Its beautiful in its complexity, characters, and predicting the reality TV and celebrity culture of the day.

It's also is Kafkaesque in how the story begins with Jason Taverner waking up one morning to find that he doesn't exist anymore. As in, no ID, no show - and in a police state that's not a good thing.

The book is beautiful in how the story centers around Jason Taverner first, then the Policeman's story. You barely notice this when it happens.

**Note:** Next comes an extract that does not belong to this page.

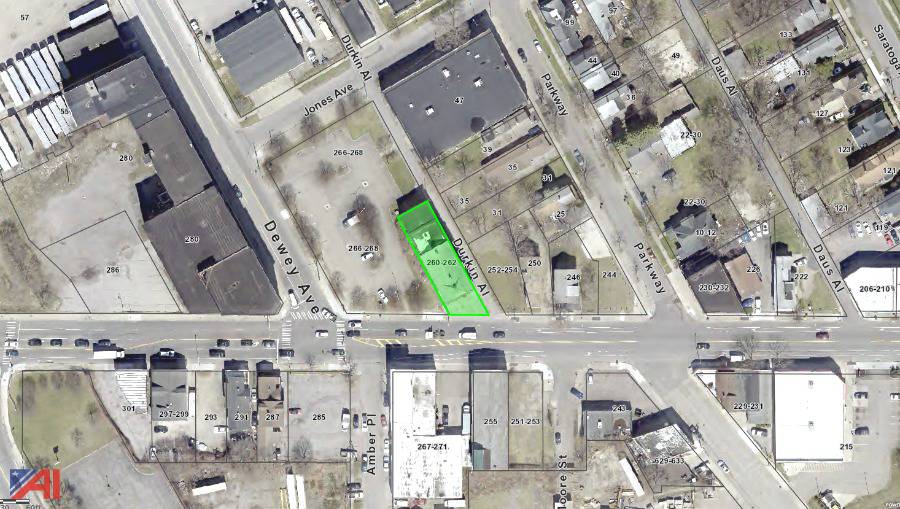 Auctions International Auction City of Rochester Environmental Tax Foreclosure Auction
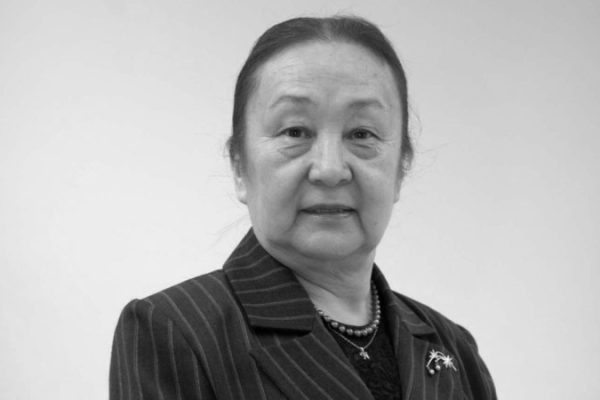 Умерла легенда казахстанской медицины Нина Каюпова — 15 июля 2025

Phillip K Dick wrote some great books, but by far this is my favorite.

 

hifiguy

(33,688 posts)
39. Here are a few that have stood my test of time
Tue Jul 9, 2013, 04:53 AM
Jul 2013

To Serve Them All My Days - R.F. Delderfield

Lovely, somewhat leisurely tale about a shell-shocked WW I vet who becomes a teacher at a remote boarding school in England. He lives a seemingly quiet life of love, loss, dedication and devotion, eventually rising to the position of beloved and respected headmaster. Doesn't sound like much, but it is a very special book. Pastoral in the best sense of the word, and most of Delderfield is good for what ails man or beast. Balm for the soul, his works.

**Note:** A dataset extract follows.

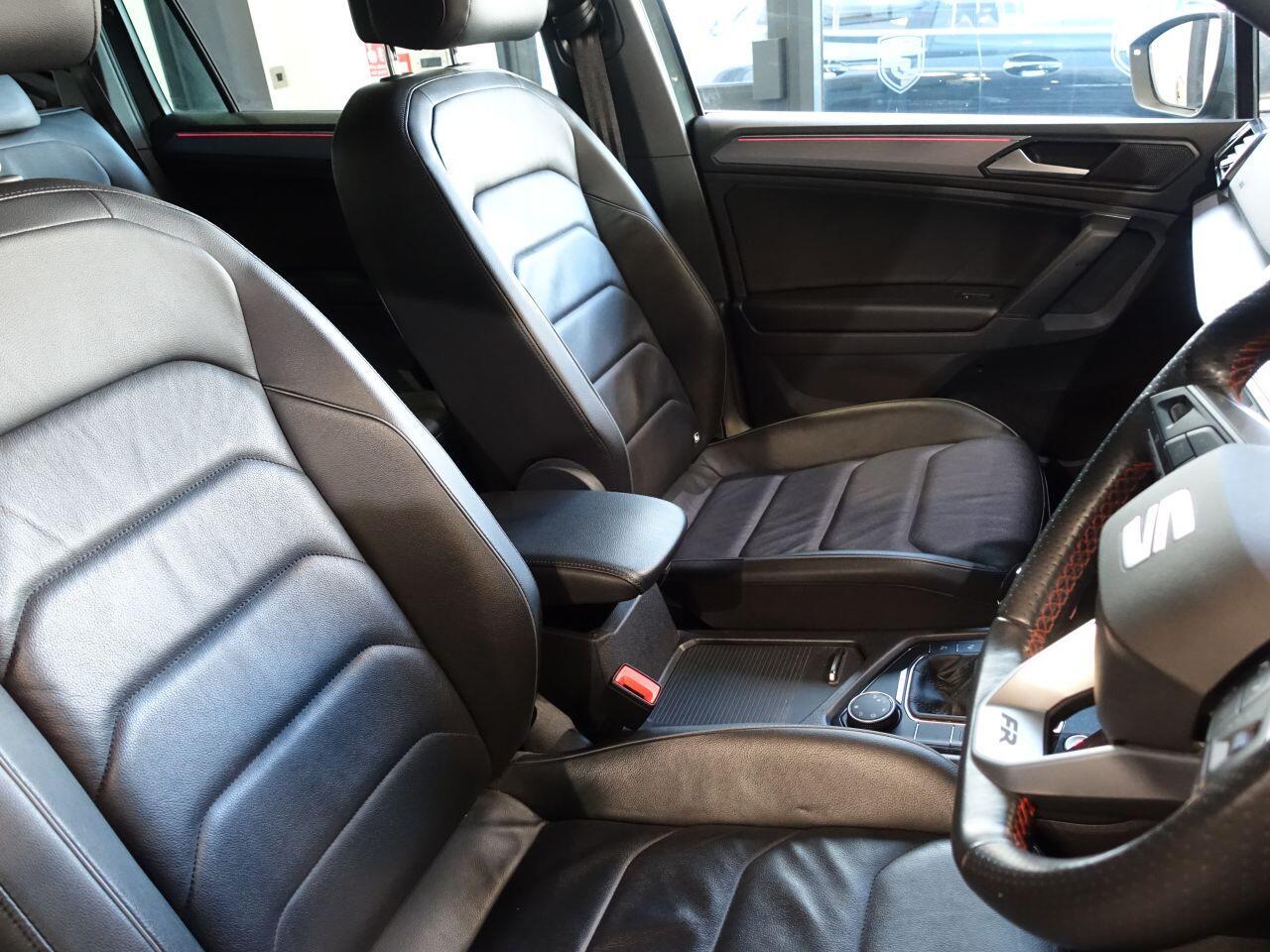 SEAT Tarraco - Image 17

Collected Works, but start with The Deptford Trilogy - Robertson Davies

Davies was a wise, witty and brilliant observer of the human condition. Time spend with a Davies book is guaranteed to make you think, chuckle and cherish the experience of being human.

If you make it through Davies you will be ready for

The Aubrey/Maturin series, beginning with Master and Commander - Patrick O'Brian

There's nothing really left to say about this astounding, sweeping 20-volume story of Captain Jack Aubrey, RN, and his particular friend Stephen Maturin (physician, secret agent, and natural philosopher) set in the Age of Sail against the backdrop of the Napoleonic wars. The comparisons of O'Brian's prose to that of Jane Austen - he wrote the entire series in accurate period English prose - are more than warranted. PO'B was another singularly acute observer of humankind and he wraps his observations in multi-layered, stupendously good sea stories that many (including myself) contend surpass Forester's Horatio Hornblower stories (which I also recommend most highly). I first read the A/M series twenty years ago and am currently starting my decennial re-reading of the entire series.

Xyzse

(8,217 posts)
42. Favorites by Category
Tue Jul 9, 2013, 10:57 AM
Jul 2013

Occidental Literature:
Great Gatsby - F. Scott Fitzgerald
Tess of the D'Urbervilles - Thomas Hardy

Shakespeare:
Taming of the Shrew
Much ado about Nothing

Oriental Literature:
Genji Monogatori - Murasaki Shikibu
Musashi - Eiji Yoshikawa

Ancient Literature Mythology:
Gilgamesh
Metamorphosis - Ovid

Recent Literature Authors:
Anne Rice

Modern Fantasy Series:
Dresden Files - Jim Butcher

Semi-Erotic Fantasy Series
Kushiel - Jacqueline Carey

Sword and Sorcery Series:
Wheel of Time - Robert Jordan
Sword of Truth - Terry Goodkind

High School Reading List:
Ender's Game - Orson Scott Card

Recent Literature:
A Thousand Splendid Suns - Khalid Hosseini
The Man with Two Arms - Billy Lombardo

Replay - Ken Grimwood
http://en.wikipedia.org/wiki/Replay_(novel)

:::
I'm going to stop, since I can still go on with different categories. Like, books from a British Author, a Spanish Author, French Literature, and many others.

Spike89

(1,569 posts)
46. Replay was a surprise find
Tue Jul 9, 2013, 02:07 PM
Jul 2013

I stumbled on the book and loved it. There are so many time travel books out there, but few that approach the level of that novel.

Rob H.

(5,851 posts)
49. Yay! A fellow Dresden Files fan!
Tue Jul 9, 2013, 02:37 PM
Jul 2013

I love those books and I'm not normally a fantasy fan--I got into them because I love mysteries and they're like a mashup of Sam Spade and Harry Potter.

Xyzse

(8,217 posts)
50. I love that series...
Tue Jul 9, 2013, 02:39 PM
Jul 2013

I think this is my fourth time reading the whole thing from Storm Front onwards.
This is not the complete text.